→ **Work task**:
Using the data below, restate exactly every line from the one with "Murale, museo di" up to and including the one with "Honda NSX contra". No picture belongs in it.

→ **Material provided**:
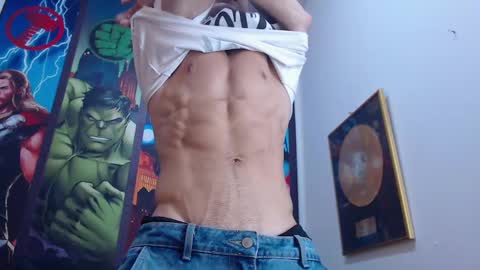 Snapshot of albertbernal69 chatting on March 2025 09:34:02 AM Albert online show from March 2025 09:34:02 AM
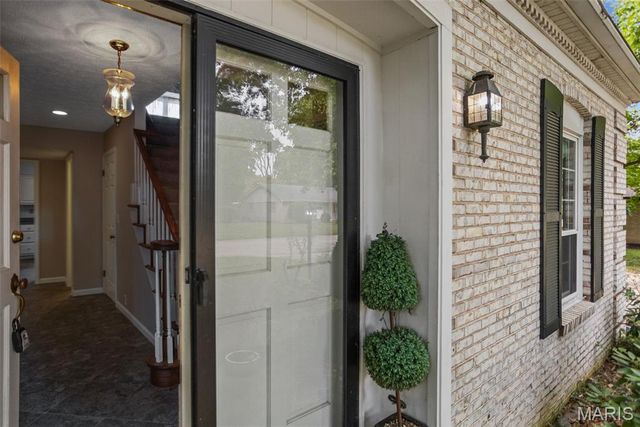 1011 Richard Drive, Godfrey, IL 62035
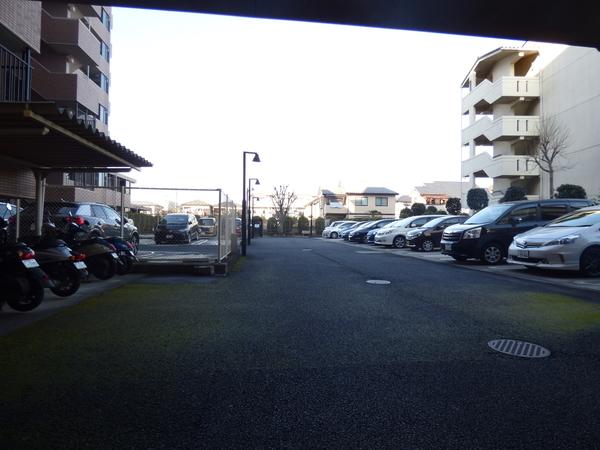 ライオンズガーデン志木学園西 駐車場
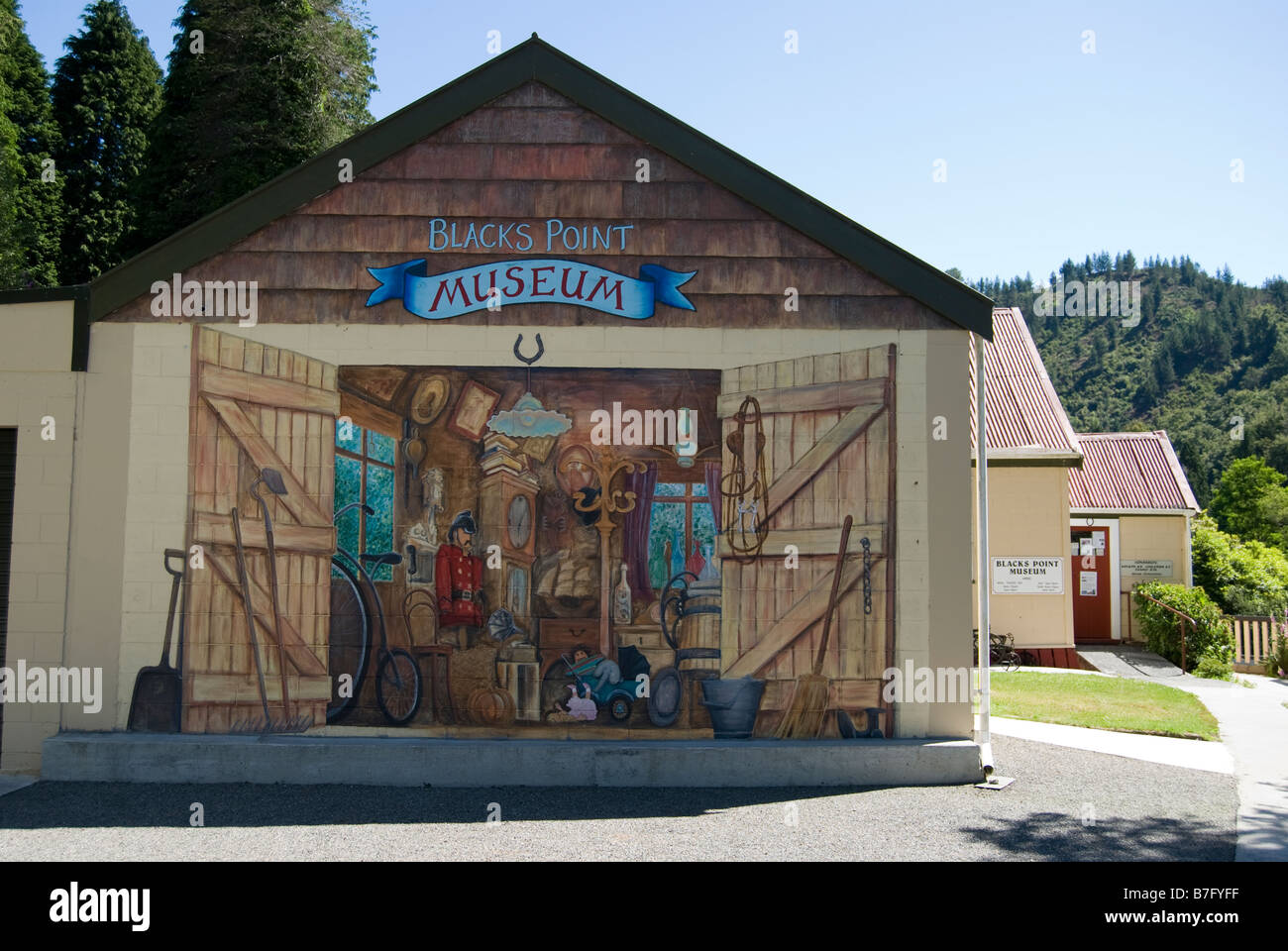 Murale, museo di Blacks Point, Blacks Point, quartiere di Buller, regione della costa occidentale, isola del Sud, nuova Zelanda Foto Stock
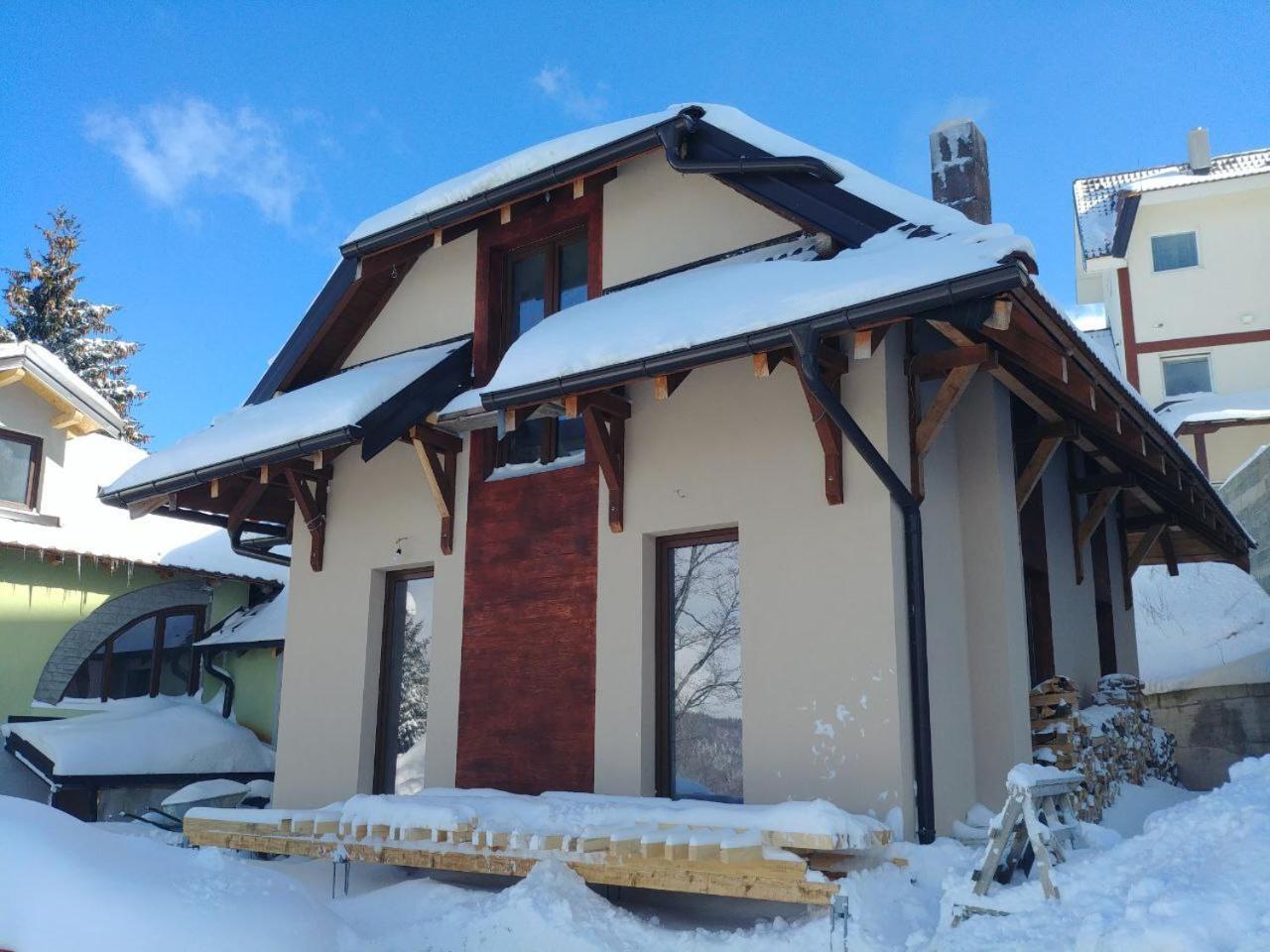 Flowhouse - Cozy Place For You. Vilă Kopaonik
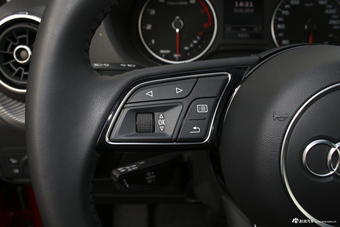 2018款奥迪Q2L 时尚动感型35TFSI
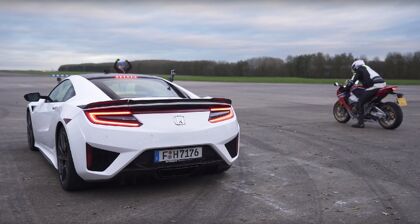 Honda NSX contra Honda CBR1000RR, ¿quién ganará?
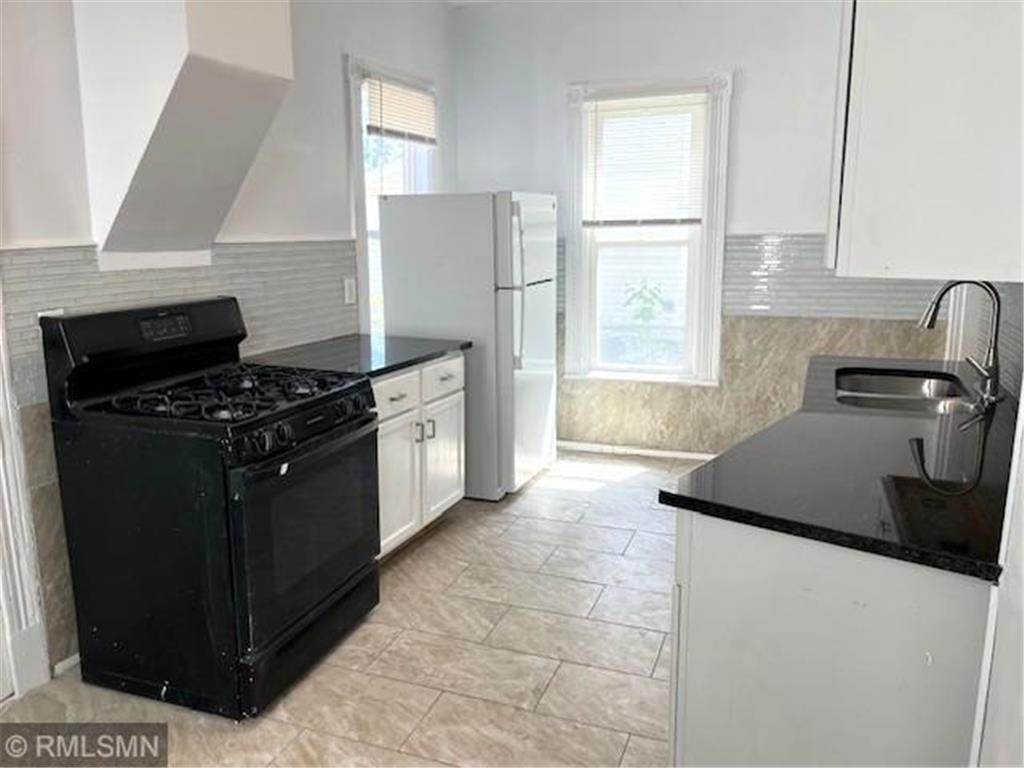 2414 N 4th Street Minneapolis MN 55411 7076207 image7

→ **Reply to the task**:
 Murale, museo di Blacks Point, Blacks Point, quartiere di Buller, regione della costa occidentale, isola del Sud, nuova Zelanda Foto Stock
 Flowhouse - Cozy Place For You. Vilă Kopaonik
 2018款奥迪Q2L 时尚动感型35TFSI
 Honda NSX contra Honda CBR1000RR, ¿quién ganará?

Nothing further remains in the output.